World of Warcraft has been arguably the most popular MMORPG in the world since its launch in 2004. With its sixth expansion pack, Legion, set for release next spring, the world of Azeroth faces another invasion by the demonic Burning Legion, but sees a new class of heroes dubbed Demon Hunters arise to combat them.

With dark fel magic running rampant, though, the colourful world takes on a sickly hue. Bad news for the Horde and Alliance, forced into an uneasy partnership against a common foe, but an excellent opportunity for players to explore a setting that looks wildly different to anything WoW has offered before.

At this year’s Blizzcon, WIRED spoke with senior art director Chris Robinson on designing a poisoned environment, the impact of the Warcraft movie on the game’s visuals, and how traditional artistry remains a key skill in creating digital worlds.

WIRED: The Legion expansion has been the one most overlapping with the development of the movie. Has the film affected the way you’ve done things visually, since you’ll be launching at around the same time?
Chris Robinson: We actually thought a lot of about keeping the game distinct, to where we saw the vision going. When we started the movie process, we talked about where we thought the overlap was going to happen. The people working on the movie were taking it in the direction of telling a story in the world with some characters that overlap. With us, we didn’t really want to get to that point where we were relying on someone else to make our decisions, or to group-think. It’s always been about protecting the vision in the team, and our writers, artists and designers are so passionate about what we think of as “the game” that the idea of it being influenced by an outside factor doesn’t make us excited. Certainly, we’ve been watching what they were doing and we love it. It looks great and I think there’s probably a little overlap in terms of the visuals, skin textures and what orcs look like, that kind of thing. But in terms of the game world, very little.

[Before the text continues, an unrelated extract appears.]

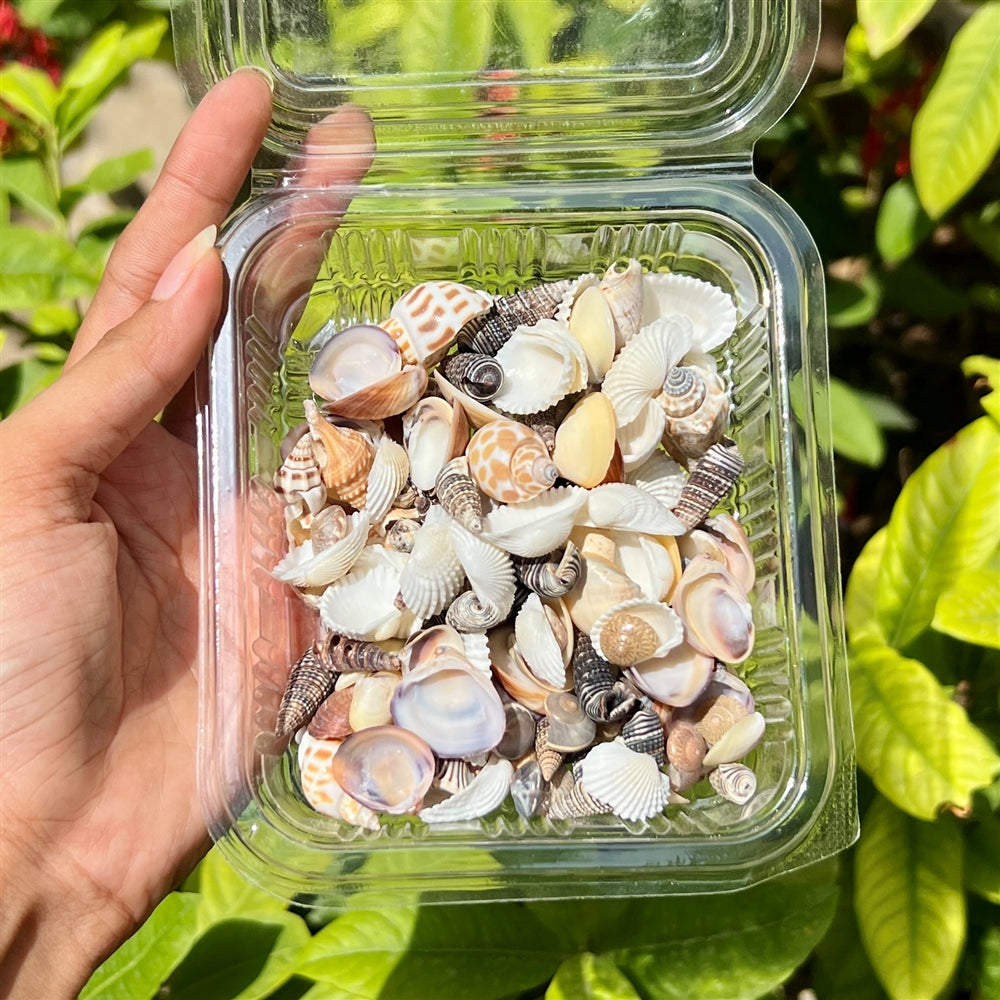 Ocean Treasure Mix β Assorted Natural Shells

When you’re creating art and designs for an ongoing gaming world like Warcraft, what’s the development process? Do you focus on each expansion at a time, or are you constantly rolling out new material?
It’s a train, it’s a constant. We’re staggered in a way, so not everyone’s focused on one expansion or one innovation. Some of it’s stuff that might come out two or three years down the road; some that will come out in the next patch. It’s a little more reactive for the most part. We might put something out, see how players respond and then react to it and change our judgement and alter the process along the way, to make sure it’s stuff that’s relevant and resonates. Then there’s key elements that we feel we really want to do because we’re passionate about it and that’s always rolling. It’s about maintaining what people find to be the important parts of the game that resonate and identify with, and use that as a base to introduce new mechanics that might reference that or build on the core themes that make Warcraft what it is.

Legion is delving into darker territory, with the demonic Burning Legion returning. What goes into making the world aesthetically pleasing to players, when everything is death and destruction?
It’s a contrast, you know? We want those moments where you’re experiencing bleak horror and the colour palette is something you’ve never seen before. And then we want to pull you right back out of that to something that feels more light-hearted so you breathe again. It’s all about that balance — you don’t have it be epic all the time. Not everything has to be Burning Legion in your face at all times.

To me, Warcraft has always been about whimsy alongside the more serious storytelling, like a fairy forest. The theme is certainly very heavy but as you roll through the environment and you progress, we definitely wanted those moments of an arc — like in a story or a good movie — where there’s a build-up and the heat of it but then you need a rest period before you build up again. To me it’s about that contrast, about visually pulling people in and out so they’re not just getting the same thing over and over again.

World of Warcraft is over a decade old now. Where’s the line between maintaining the early, almost cartoonish aesthetic versus pushing out more technically detailed designs that both Blizzard’s engines and player’s machines are capable of now?
The art that we create is not the most definitive or realistic — to me it’s more like a painting where you leave areas for the imagination to fill in. This is what the style is, this is what we’re trying to convey to the player, but they also fill in the blanks with their own brain. Everyone who plays the same game doesn’t get the same experience. It reflects how we see the world and it maintains the connectivity for them, because a lot of that [immersion] is stories that they’ve told themselves between the gaps that we left for them.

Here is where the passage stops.